Posted on June 10, 2011 by Avigail H-P
This year at Pardes, I volunteered at the Yaakov Maimon program, & I wrote 2 posts about it on my blog, which I’d like to share here:
I have lots to learn about the Ethiopian immigration to Israel – and will likely start by reading this wikipedia article. But it is especially relevant as I spend every Tuesday afternoon as a “big sister” hanging out in an absorption center just outside of Jerusalem. The family I’m assigned to is a mother about my age, a father I’ve never met and 4 kids (ages 12, 9, 6 and 1.5). I spend most of my time with Mom, the 6 year old and the baby. Mom and I communicate in poor Hebrew (hers is sadly, poorer than mine) and the kids and I make do in Hebrew as well. There’s a lot to say about race and class in Israeli society – but what I’ve observed (in the simplest and most micro terms possible) is that 1) mom doesn’t have a lot of extra food in the pantry; 2) mom is illiterate in Hebrew and Amharic; 3) the playground we play in is covered in broken glass and has no play structures in it. It would be nice if by the end of the year of volunteering I knew a bit more about the experience of Ethiopians in Israel and the process of making Aliyah as a non-Anglo. You can see a couple of photos from my experience here (mostly of my photogenic and charming 6 year-old friend).

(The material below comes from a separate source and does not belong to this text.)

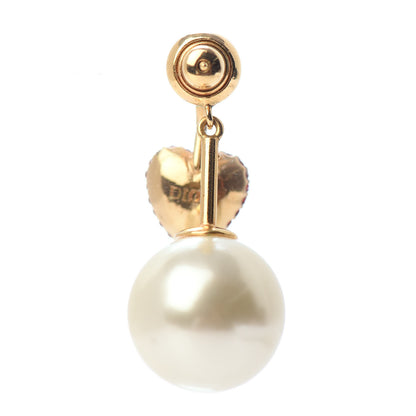 Christian Dior Pearl Crystal Heart Tribal Earring Gold Red 3 of 6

Tuesday was our last day of volunteering with the Yaakov Maimon program at the absorption center just outside of Jerusalem. Each week, a vanful of Pardes students went to be big brothers and big sisters to groups of children on the periphery of Israeli society. The people living in Mevasseret are the most recent and the final olim (immigrants) from Ethiopia. The story of this aliya (immigration) is fascinating and worth learning about. Our work involved lots of activities for the children – blowing bubbles, playing ball, making masks for purim, doing homework…the experience was hugely challenging for our group in – what does it mean to be role models for children? How do we communicate with kids with whom we barely have a common language? How are we supposed to welcome them into “Israeli society” when we’re the sojourners and they’re the immigrants? What happens to them after we disappear from their lives? Obviously these are important questions that will remain relevant and I was lucky to have Pardes’ support with time and transportation and other logistical needs that enabled me to do this work. I certainly will miss it.